Emilie and I weren't "close" in the same way she was close to her dear friends. We had only about a half-hour of face time and a handful of phone calls over the six or seven years I knew her. Ours was mostly a professional relationship: she was a reporter for our archdiocesan newspaper awhile back, and I was just another PR flack supplying her with story ideas and sources. But we had a "karma" between us. Whenever we talked, either via e-mail or on the phone, we got into all these conversations that had nothing to do with our original purpose. I've always thought that, had we been neighbor ladies back in the '60s, we'd have spent entire days letting the kids run wild while we talked over the back fence.

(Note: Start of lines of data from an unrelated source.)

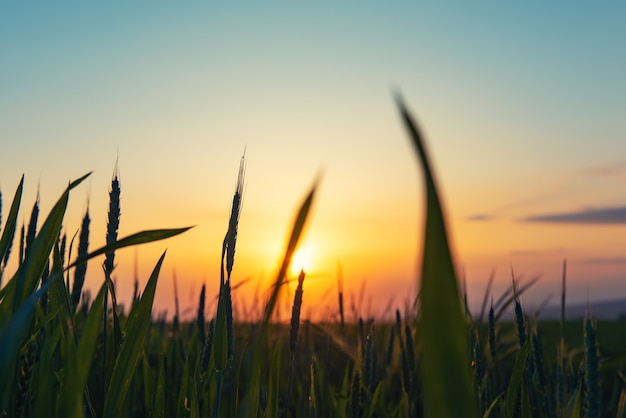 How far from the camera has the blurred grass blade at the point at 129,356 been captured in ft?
4.10

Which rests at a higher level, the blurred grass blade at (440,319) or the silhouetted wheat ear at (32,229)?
the silhouetted wheat ear at (32,229)

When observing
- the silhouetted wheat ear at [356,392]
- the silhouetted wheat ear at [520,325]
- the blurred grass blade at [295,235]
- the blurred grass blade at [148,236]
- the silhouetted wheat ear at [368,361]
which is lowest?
the silhouetted wheat ear at [356,392]

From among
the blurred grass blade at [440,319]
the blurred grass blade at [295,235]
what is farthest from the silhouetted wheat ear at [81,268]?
the blurred grass blade at [440,319]

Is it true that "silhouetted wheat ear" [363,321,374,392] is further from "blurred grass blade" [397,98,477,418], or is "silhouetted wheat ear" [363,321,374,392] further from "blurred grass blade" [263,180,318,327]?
"blurred grass blade" [397,98,477,418]

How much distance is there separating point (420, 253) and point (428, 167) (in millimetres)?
78

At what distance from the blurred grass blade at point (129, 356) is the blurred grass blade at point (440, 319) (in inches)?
33.1

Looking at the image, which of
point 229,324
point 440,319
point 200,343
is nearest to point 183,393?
point 229,324

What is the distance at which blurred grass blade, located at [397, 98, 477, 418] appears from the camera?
1.69 ft

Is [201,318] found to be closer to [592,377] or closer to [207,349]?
[207,349]

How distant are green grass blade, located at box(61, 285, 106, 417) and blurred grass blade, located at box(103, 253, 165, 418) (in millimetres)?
88

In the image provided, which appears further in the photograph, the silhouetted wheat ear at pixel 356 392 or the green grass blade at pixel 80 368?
the silhouetted wheat ear at pixel 356 392

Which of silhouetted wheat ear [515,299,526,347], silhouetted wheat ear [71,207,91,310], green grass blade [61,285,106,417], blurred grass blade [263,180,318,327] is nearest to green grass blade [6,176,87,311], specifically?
green grass blade [61,285,106,417]

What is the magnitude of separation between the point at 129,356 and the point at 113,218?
417mm

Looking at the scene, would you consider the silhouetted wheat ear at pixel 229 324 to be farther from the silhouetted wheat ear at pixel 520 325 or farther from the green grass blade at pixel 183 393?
the silhouetted wheat ear at pixel 520 325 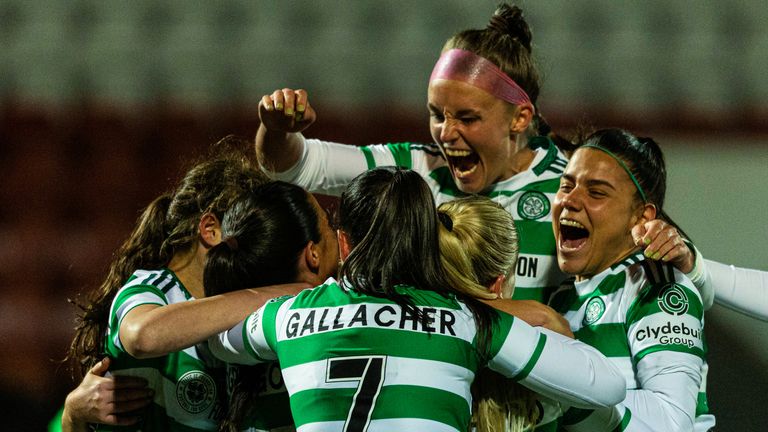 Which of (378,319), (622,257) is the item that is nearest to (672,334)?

When she became a mother and decided to stay home with her little one, she began freelancing. And then there was one more little one, and she was hooked on motherhood. She started a blog when she was trying to get pregnant and wrote terrific columns on parenting and her inner life. She was so happy. Life was good.
We began e-mailing each other at least once a week over the past year. I don't even remember how that began. She read (and commented on -- yay!) this blog, and I read hers devotedly. She was an amazing writer and thinker. Funny. Smart. Gutsy. She was a terrific mother. I was -- and continue to be -- impressed at the depth of her spirituality. We had many conversations about that, and each time we did, I felt like someone out there was making me a better person, dragging me kicking and screaming toward heaven. Now she's gone. Selfishly I wonder if anyone will be able to pick up where she left off. Mostly, I thank her for her ultimate goodness, the positive force she was in the lives of others.
The Basilica of St. Mary should be packed for her funeral on Monday, as she touched so many people in her short life. I suspect her friend Molly Guthrey Millett, a reporter for the St. Paul Pioneer Press, will tell about that in a column in Sunday's paper.
I won't say goodbye to Emilie. Thanks to her, I know I'll see her again, no matter how doubtful I am. I just have to get to heaven to do that. Dang it, Emilie. I don't know if I'm saint material.